ASSIGNED TASK: The needed output is the run of lines below from the one containing "Homme Caucasien Debout" through the one containing "Smart watch AMOLED", copied exactly and free of pictures.

DATA FOR THIS TASK:
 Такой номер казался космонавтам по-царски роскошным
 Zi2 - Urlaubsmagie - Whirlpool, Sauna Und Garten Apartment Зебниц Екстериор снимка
--
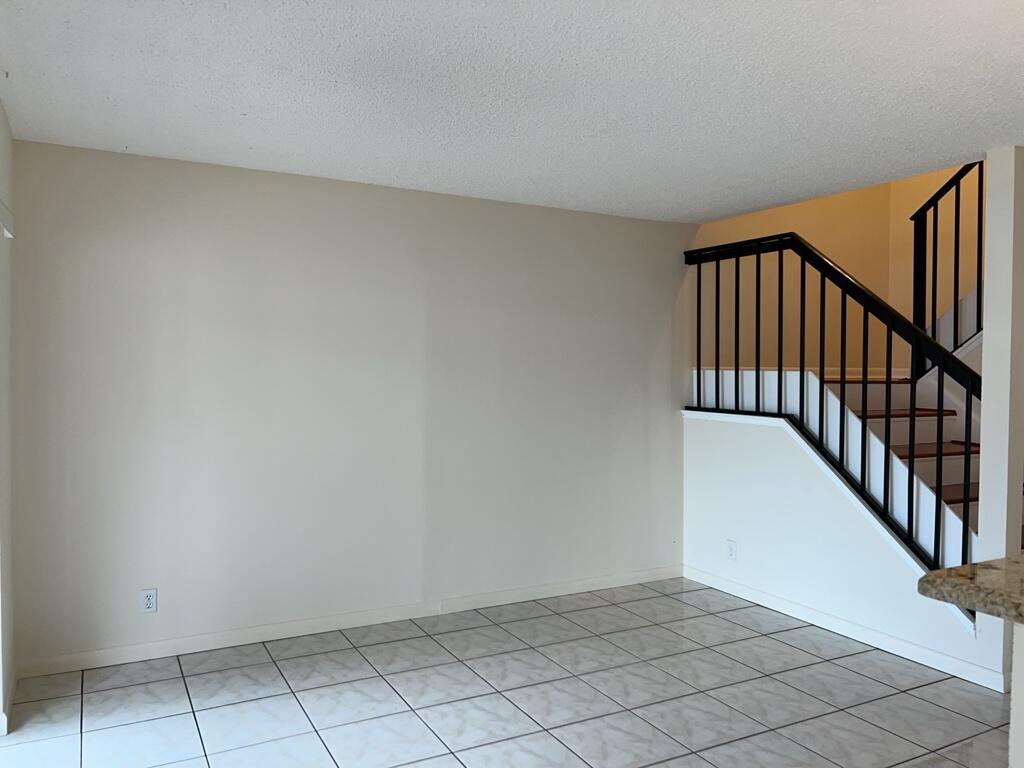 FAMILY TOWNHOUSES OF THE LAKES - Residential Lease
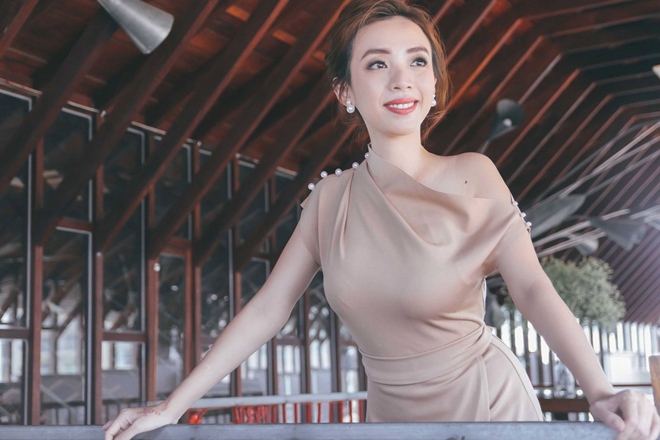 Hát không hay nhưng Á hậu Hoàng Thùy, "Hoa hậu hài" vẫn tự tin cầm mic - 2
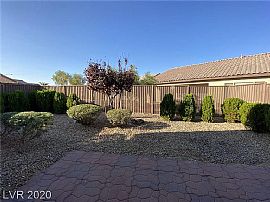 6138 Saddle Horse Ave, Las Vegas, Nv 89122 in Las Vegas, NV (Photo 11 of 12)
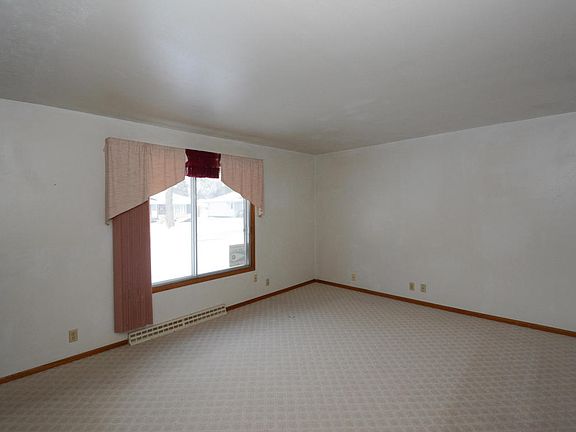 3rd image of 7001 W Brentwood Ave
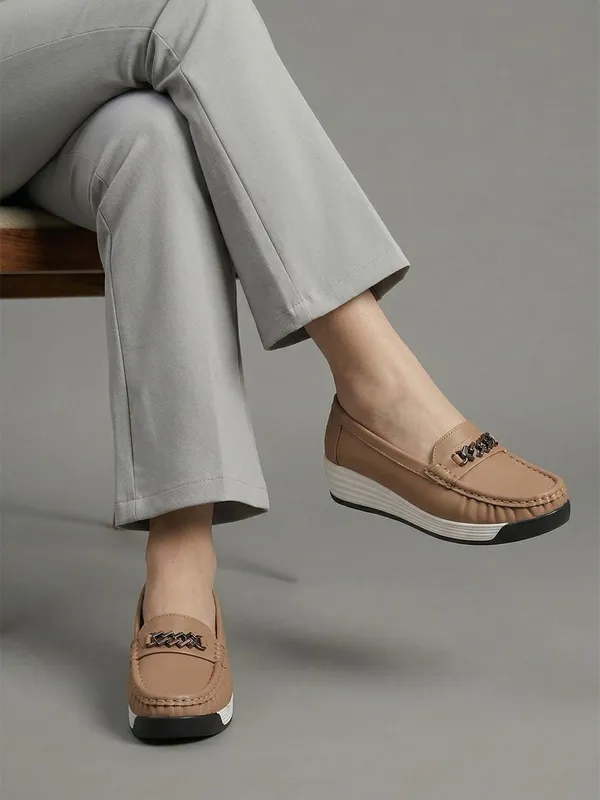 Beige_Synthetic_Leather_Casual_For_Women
--
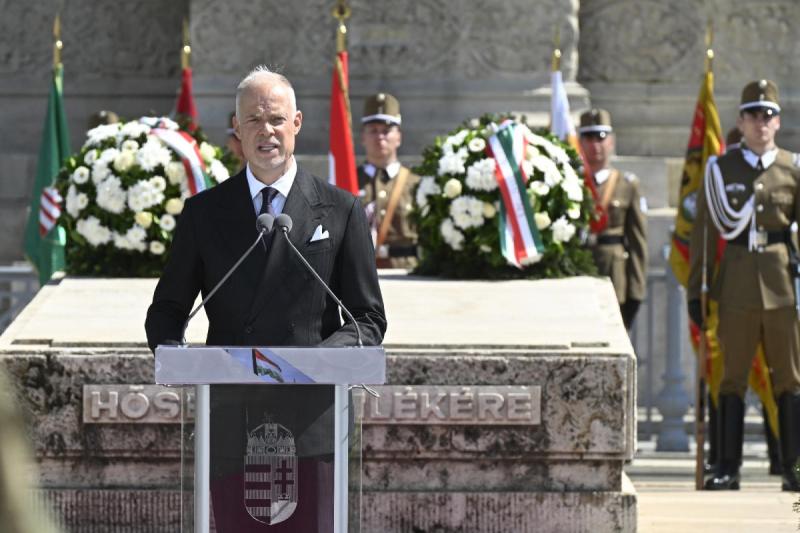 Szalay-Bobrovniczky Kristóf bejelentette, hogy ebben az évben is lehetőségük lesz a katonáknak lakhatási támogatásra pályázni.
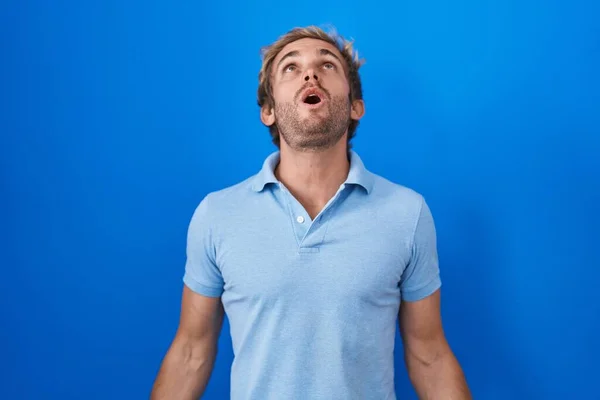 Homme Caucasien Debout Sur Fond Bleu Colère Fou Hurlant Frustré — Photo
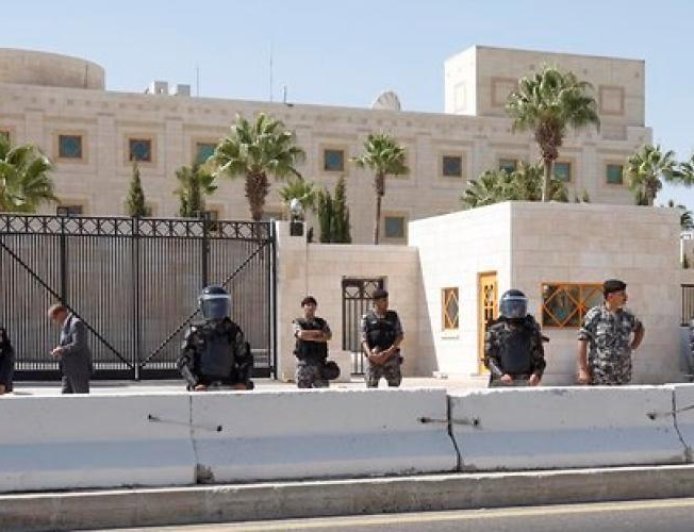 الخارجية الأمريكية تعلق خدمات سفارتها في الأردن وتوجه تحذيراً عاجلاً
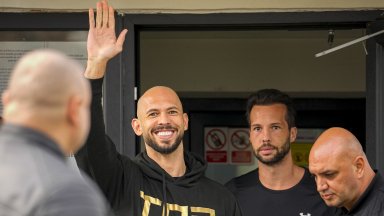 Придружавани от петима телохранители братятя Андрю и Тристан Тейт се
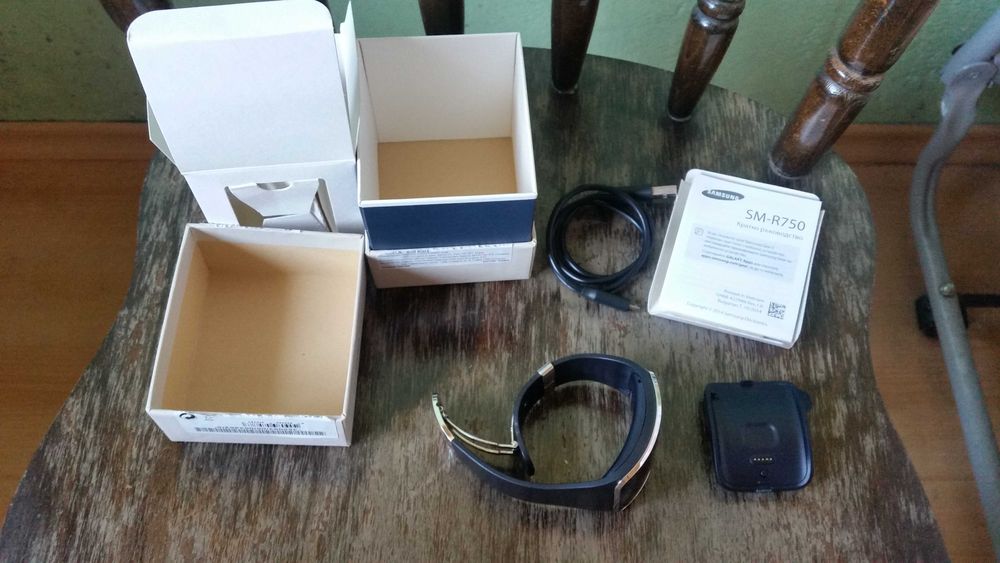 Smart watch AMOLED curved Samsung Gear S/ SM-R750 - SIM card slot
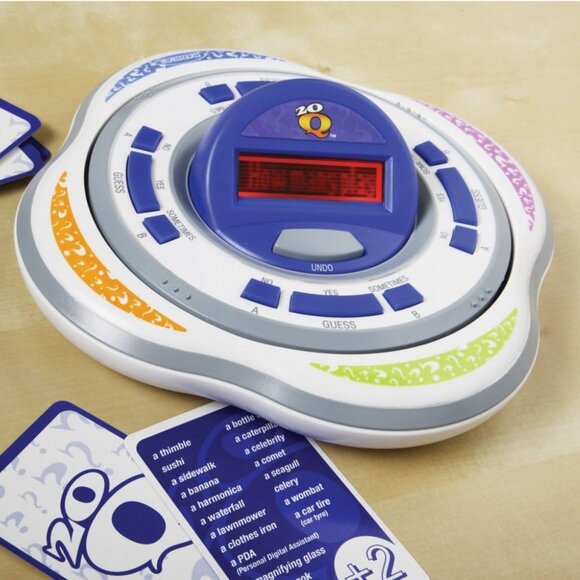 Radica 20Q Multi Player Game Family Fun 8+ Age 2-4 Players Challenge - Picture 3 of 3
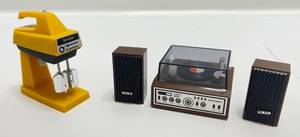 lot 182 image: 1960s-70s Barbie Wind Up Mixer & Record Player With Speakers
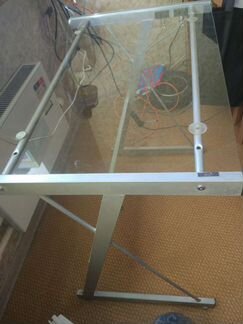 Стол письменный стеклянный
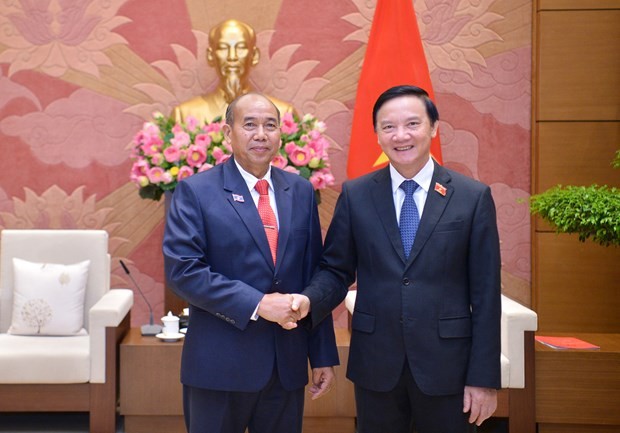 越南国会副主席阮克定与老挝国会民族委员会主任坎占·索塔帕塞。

FINISHED EXERCISE:
 Homme Caucasien Debout Sur Fond Bleu Colère Fou Hurlant Frustré — Photo
 الخارجية الأمريكية تعلق خدمات سفارتها في الأردن وتوجه تحذيراً عاجلاً
 Придружавани от петима телохранители братятя Андрю и Тристан Тейт се
 Smart watch AMOLED curved Samsung Gear S/ SM-R750 - SIM card slot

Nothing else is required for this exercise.